If you’re experiencing deja vu, then you are not alone. Every few years, our stock portfolios, our jobs and confidence in our financial situation get shaken by a new economic storm. It seems like it was just yesterday when the rug got pulled right from under us when the subprime crisis (and the accompanying credit crunch and real estate market slide) dominated our consciousness. This time around, it’s the global debt crisis, which we’ve touched upon somewhat during the past year. Perhaps this page will turn into an album of sorts that captures moments of discomfort and paranoia over troubled markets throughout the years.

London, UK

London stock exchange, debt crisis 2011

Here’s a point in time when Europe was in chaos, with the FTSE 100 slumping by 3.39% on Monday, August 8, 2011. The total loss, however, is a stomach-churning 12.22% over the past five days. The Paris CAC 40 had a bigger dip of 4.68% by the end of Monday.

~ooOoo~

Tokyo, Japan

Tokyo stock exchange, debt crisis 2011

Across the seas, a similar scene was unfolding. The Nikkei dropped by 2.18% by Monday’s close but that was a drop in the bucket. The previous 5 day loss totaled a steep 8.70%.

~ooOoo~

Frankfurt, Germany

German stock exchange, stock market crash

A trader reacts after the news of the Bear Stearns buyout on March, 2008.

~ooOoo~

Buenos Aires, Argentina

Latin American stocks

Like many Latin American equity markets, the Argentinian market is particularly volatile. Argentina’s MerVal index falls 6.9 percent on this day.

~ooOoo~

Mercantile & Futures Exchange in Sao Paulo, Brazil

Latin American stocks and equities, stock market crash

A 6.6 percent drop in the Bovespa index of the Sao Paulo Stock Exchange triggers some chaos.

~ooOoo~

Shanghai Stock Exchange, China

China stock exchange, stock market crash

Wasn’t too bad this time: the Shanghai composite only fell 5.14%.

~ooOoo~

Mumbai, India

India stock exchange, stock market crash

Nothing to do but stop, stare and watch a crumbling market, agog.

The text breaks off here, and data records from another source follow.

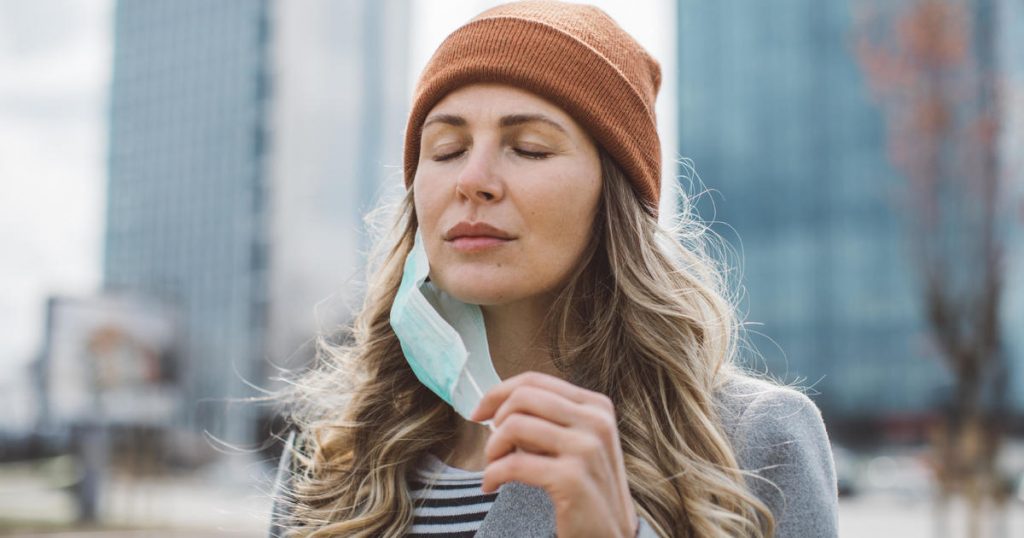 CDC updates guidance to warn coronavirus can be transmitted through the air by breathing — but then removes it – CBS News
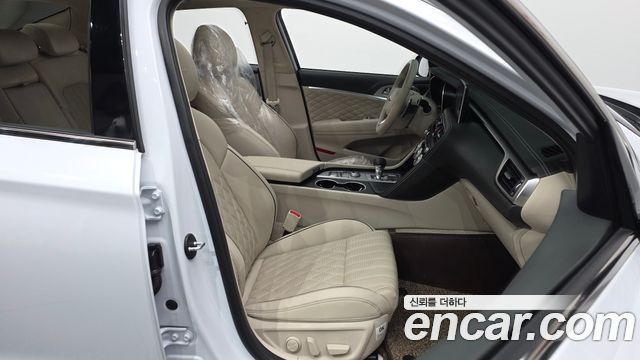 Genesis G70 2018 — photo 17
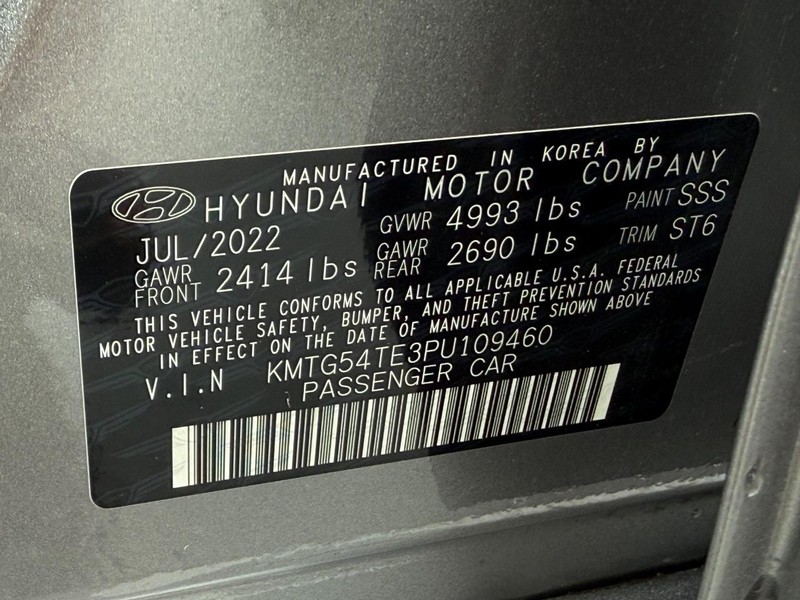 Genesis G70 Vehicle Image 22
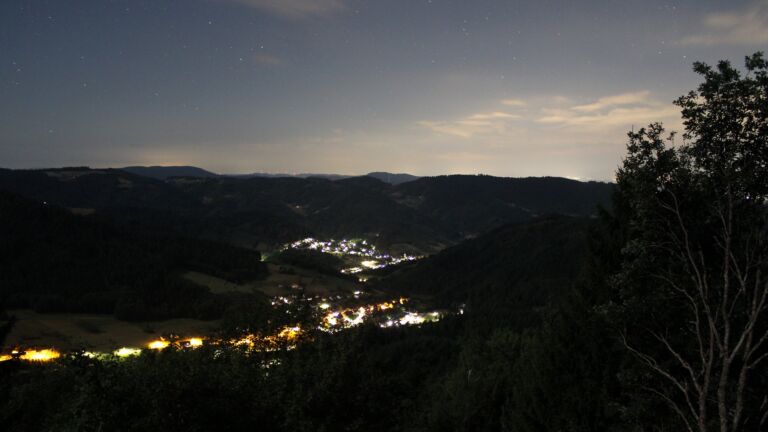 Dieses Bild zeigt eine Webcam-Aufnahme vom Achertal, aufgenommen am Donnerstag, den 06.08.2026 um 03:30 Uhr. Die Temperatur betrug 19.4°C.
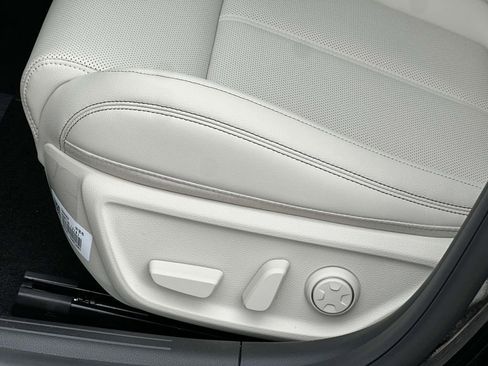 New 2026 Genesis G70 2.5T image 13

asian stock exchange, stock market crash

Somebody grabs his head in dread when the main Sensex index receives a massive 7.4% shave.

~ooOoo~

Malaysian Stock Exchange

Malaysia stock exchange, stock market crash

An investor watches the Kuala Lumpur Composite Index (KLCI) do its dance.

~ooOoo~

New York Stock Exchange, USA

New York stock exchange, stock market crash

Another day at the office: traders watch a 460 point drop in the NYSE. There was a subsequent retracement in the NYSE, after a Fed cut spurred a rally.

~ooOoo~

Philippine Stock Exchange (PSE), Makati, Philippines

Philippines stock exchange, stock market crash

This Filipino broker is in a subdued mood and is caught yawning. At least he’s not yelling, as traders are wont to do at work.

~ooOoo~

Tokyo, Japan

Tokyo stock exchange, stock market crash

I’d have this expression too if I were a Japanese suburban mommy day trader caught with my knickers down. [Pardon my analogy.]

~ooOoo~

Our expressions don’t lie — it hurts to lose money in the stock market. But there are ways to alleviate our fears somewhat. I’ve written quite a number of articles on surviving stock market volatility, so what’s a few more suggestions? :)

How To Take A Stock Market Dive In Stride

#1 Stay diversified and you’ll better manage your risks.

Don’t overexpose yourself in stocks in a way that will hurt you financially, especially in the short term. Spread your risk around by building a well-balanced portfolio, particularly one that suits your investment temperament.

#2 Don’t panic.

The market will do what it will do… we can’t control the herd. But what we can do is control our attitude towards it — being emotional will not help and may even hurt. Panicking may influence you to react impulsively to market movements, which is usually disruptive to a long term investment plan. Accepting volatility as part and parcel of the markets will keep you better focused on your investment goals.

#3 Be aware of the fundamentals.

You’ll feel better by keeping an eye on the fundamentals of the markets, the economy and your specific investments. Most of the time, the market overreacts to news and the underlying fundamentals aren’t as weak as they may seem, especially when we look at the bigger picture.

#4 View it as a buying opportunity.

I’ve mentioned this often — that I love playing the contrarian. It makes me look forward to corrections and even the occasional bear market (although when a bear becomes extended, I do start to get uncomfortable!). If you can afford it, why not move some of your short-term savings into the discounted market, then build your savings back up later? You’ll be buying low!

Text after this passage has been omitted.